GOAL OF THE EXERCISE - For the records that follow, return only the count of lines containing the string "Winter".

RECORDS FOR THE TASK -
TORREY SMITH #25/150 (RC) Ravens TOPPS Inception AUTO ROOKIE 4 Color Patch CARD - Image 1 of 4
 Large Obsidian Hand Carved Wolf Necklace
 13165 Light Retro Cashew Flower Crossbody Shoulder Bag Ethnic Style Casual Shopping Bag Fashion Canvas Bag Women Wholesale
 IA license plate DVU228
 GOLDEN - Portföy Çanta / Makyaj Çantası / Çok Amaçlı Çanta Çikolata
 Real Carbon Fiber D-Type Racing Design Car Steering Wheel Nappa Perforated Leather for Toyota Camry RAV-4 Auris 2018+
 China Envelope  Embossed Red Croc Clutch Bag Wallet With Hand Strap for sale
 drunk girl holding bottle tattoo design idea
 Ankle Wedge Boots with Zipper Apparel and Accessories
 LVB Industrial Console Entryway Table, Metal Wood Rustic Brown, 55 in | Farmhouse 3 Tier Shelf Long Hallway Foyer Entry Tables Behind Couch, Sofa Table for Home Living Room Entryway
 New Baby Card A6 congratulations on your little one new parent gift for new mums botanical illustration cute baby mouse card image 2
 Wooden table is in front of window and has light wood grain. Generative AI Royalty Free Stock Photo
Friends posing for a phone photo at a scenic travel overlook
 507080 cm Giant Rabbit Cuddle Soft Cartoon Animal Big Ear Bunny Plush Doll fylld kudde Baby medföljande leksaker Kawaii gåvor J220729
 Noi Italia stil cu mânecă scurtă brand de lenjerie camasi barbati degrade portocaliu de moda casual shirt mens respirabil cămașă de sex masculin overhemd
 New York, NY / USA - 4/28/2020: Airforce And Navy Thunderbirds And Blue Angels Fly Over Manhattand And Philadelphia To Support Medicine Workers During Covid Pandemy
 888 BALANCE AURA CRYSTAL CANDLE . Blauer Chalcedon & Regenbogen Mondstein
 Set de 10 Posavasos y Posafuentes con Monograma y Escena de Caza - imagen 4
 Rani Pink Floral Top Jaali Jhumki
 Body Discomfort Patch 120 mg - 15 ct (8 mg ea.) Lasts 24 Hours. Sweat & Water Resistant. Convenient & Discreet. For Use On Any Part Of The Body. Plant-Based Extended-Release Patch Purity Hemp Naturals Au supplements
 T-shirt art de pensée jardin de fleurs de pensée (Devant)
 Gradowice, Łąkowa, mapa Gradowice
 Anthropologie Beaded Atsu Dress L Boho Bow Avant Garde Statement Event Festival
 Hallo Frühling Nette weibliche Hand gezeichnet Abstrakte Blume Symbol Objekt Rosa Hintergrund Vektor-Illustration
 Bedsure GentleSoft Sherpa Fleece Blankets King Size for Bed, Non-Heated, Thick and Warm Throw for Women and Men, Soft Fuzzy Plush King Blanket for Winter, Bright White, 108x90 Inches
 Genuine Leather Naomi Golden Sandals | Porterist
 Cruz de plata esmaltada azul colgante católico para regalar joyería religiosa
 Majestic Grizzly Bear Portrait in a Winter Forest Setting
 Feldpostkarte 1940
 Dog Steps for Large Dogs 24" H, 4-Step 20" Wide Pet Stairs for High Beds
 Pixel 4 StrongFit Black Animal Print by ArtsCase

RESULT FOR THIS EXERCISE - 2